■ **REQUIRED ACTION**: Pictures should be left out while the data beneath this task is written out word for word.

[Captioned web image data]
______________________________

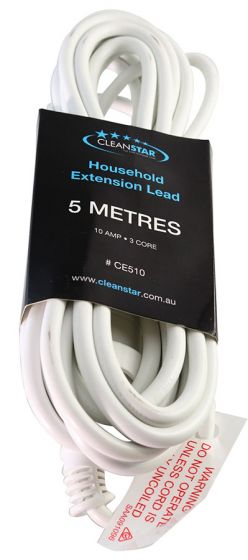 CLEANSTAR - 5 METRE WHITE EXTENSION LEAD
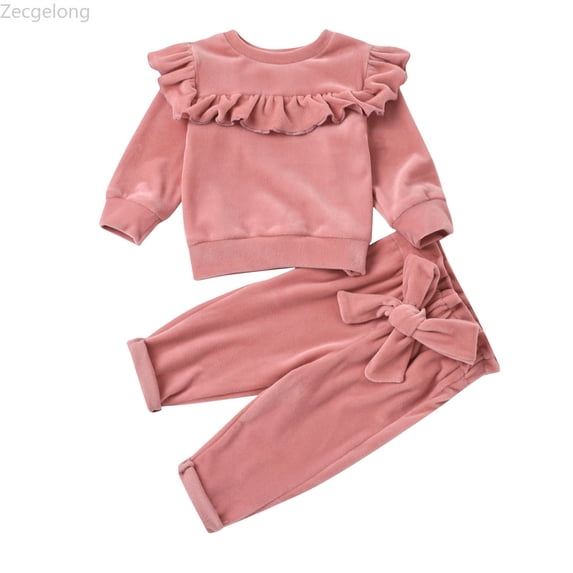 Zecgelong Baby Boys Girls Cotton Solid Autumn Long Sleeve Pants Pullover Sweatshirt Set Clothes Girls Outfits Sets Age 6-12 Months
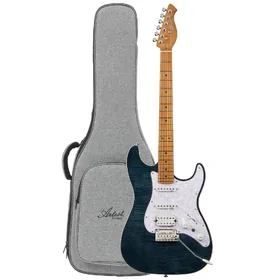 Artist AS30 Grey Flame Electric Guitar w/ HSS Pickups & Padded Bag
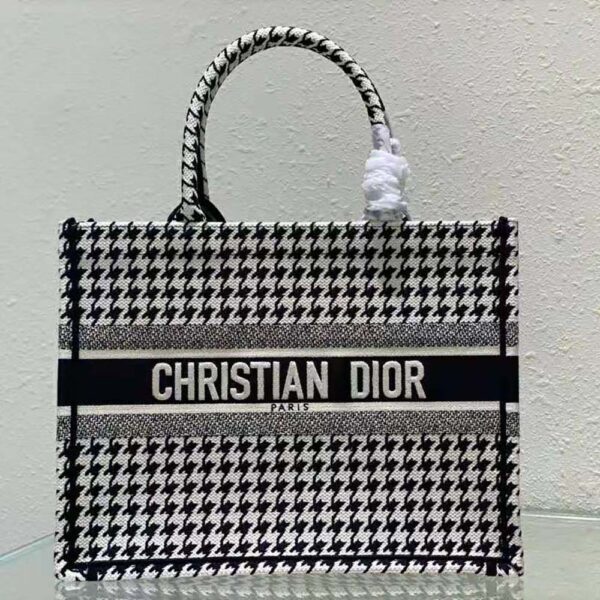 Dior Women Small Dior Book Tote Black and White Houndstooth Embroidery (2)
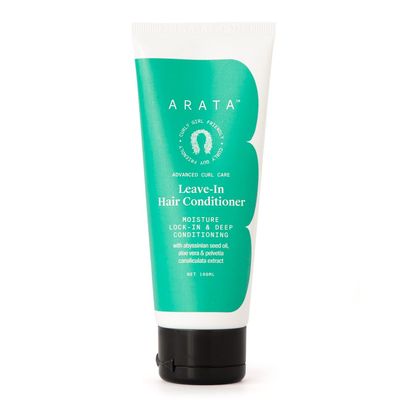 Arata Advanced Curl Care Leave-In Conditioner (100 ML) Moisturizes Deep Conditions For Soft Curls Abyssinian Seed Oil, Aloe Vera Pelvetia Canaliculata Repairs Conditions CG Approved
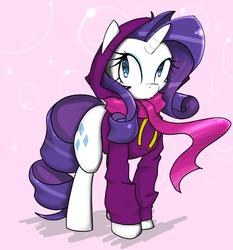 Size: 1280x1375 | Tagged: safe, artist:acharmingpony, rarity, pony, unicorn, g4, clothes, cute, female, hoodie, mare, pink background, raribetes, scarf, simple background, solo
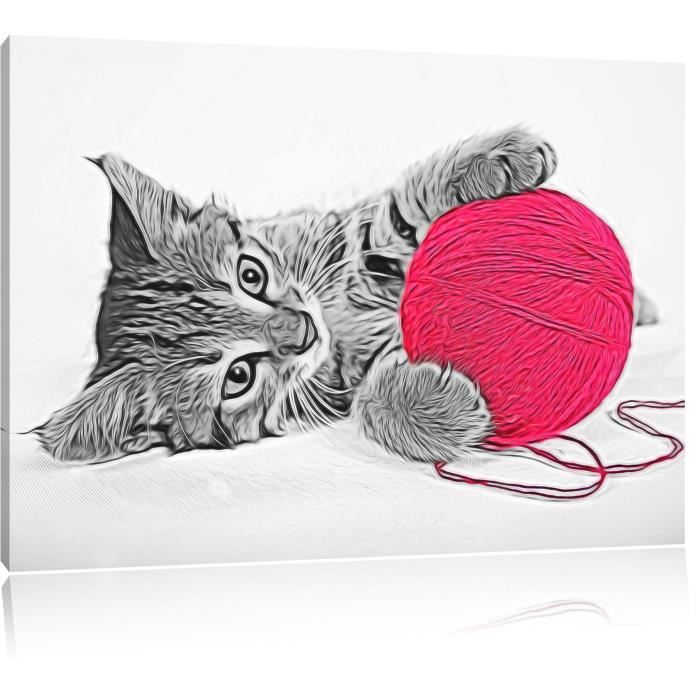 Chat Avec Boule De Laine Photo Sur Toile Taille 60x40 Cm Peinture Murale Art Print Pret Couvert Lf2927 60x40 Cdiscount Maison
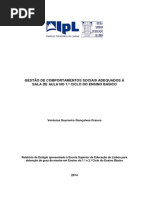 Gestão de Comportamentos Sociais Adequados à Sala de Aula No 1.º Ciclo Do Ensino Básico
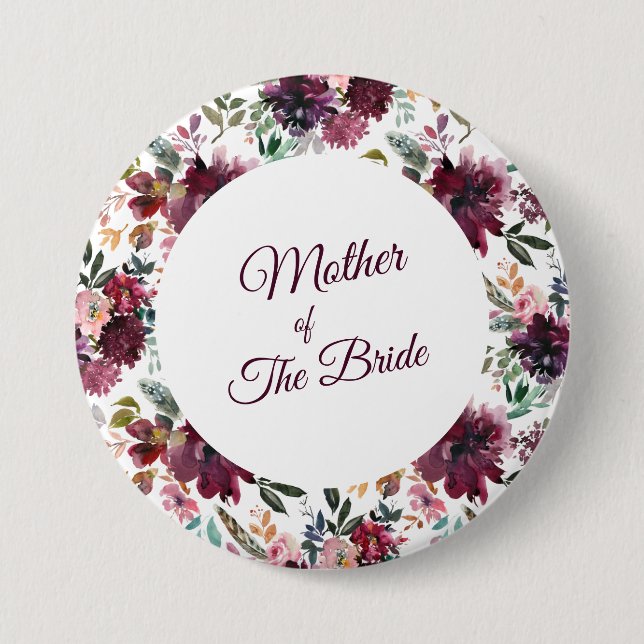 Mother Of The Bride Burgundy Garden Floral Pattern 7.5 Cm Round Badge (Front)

______________________________

■ **SOLUTION TO THE PROBLEM**:
 CLEANSTAR - 5 METRE WHITE EXTENSION LEAD
 Zecgelong Baby Boys Girls Cotton Solid Autumn Long Sleeve Pants Pullover Sweatshirt Set Clothes Girls Outfits Sets Age 6-12 Months
 Artist AS30 Grey Flame Electric Guitar w/ HSS Pickups & Padded Bag
 Dior Women Small Dior Book Tote Black and White Houndstooth Embroidery (2)
 Arata Advanced Curl Care Leave-In Conditioner (100 ML) Moisturizes Deep Conditions For Soft Curls Abyssinian Seed Oil, Aloe Vera Pelvetia Canaliculata Repairs Conditions CG Approved
 Size: 1280x1375 | Tagged: safe, artist:acharmingpony, rarity, pony, unicorn, g4, clothes, cute, female, hoodie, mare, pink background, raribetes, scarf, simple background, solo
 Chat Avec Boule De Laine Photo Sur Toile Taille 60x40 Cm Peinture Murale Art Print Pret Couvert Lf2927 60x40 Cdiscount Maison
 Gestão de Comportamentos Sociais Adequados à Sala de Aula No 1.º Ciclo Do Ensino Básico
 Mother Of The Bride Burgundy Garden Floral Pattern 7.5 Cm Round Badge (Front)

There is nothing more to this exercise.